> _Your assignment_:
Look for the string "White" in the data below, and copy each line that holds it.

□ □ □

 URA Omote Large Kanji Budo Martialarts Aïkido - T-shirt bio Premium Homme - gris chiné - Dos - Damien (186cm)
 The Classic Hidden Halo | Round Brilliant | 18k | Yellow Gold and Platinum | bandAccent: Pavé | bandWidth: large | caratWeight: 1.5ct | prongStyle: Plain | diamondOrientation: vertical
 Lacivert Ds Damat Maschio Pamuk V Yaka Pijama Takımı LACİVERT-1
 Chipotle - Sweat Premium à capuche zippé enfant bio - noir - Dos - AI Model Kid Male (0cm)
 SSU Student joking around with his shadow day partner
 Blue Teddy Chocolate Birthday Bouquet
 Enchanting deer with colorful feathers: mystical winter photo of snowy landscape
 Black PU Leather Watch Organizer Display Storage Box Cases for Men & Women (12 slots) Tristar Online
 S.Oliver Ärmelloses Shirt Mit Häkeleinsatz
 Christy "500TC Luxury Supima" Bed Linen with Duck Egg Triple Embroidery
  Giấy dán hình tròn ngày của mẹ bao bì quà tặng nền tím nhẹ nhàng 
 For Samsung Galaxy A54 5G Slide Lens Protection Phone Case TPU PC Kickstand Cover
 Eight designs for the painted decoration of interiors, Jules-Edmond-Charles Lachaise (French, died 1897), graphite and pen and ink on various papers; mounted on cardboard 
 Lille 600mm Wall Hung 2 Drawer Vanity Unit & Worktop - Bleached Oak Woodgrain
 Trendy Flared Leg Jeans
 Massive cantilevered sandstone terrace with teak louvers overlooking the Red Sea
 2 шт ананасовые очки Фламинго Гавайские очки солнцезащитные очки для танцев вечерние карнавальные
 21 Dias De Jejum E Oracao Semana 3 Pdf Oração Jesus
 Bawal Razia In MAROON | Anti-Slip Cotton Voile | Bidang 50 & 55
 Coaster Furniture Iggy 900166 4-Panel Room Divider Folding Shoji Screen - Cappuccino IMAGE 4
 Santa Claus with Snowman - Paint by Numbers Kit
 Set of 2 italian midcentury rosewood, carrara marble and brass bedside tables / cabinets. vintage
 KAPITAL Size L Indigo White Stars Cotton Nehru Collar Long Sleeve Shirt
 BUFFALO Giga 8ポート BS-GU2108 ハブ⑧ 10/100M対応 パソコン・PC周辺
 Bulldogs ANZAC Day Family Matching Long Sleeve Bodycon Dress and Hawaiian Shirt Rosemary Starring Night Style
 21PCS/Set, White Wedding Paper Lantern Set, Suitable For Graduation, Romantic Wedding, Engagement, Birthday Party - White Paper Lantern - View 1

□ □ □

> _Reply to the task_:
 KAPITAL Size L Indigo White Stars Cotton Nehru Collar Long Sleeve Shirt
 21PCS/Set, White Wedding Paper Lantern Set, Suitable For Graduation, Romantic Wedding, Engagement, Birthday Party - White Paper Lantern - View 1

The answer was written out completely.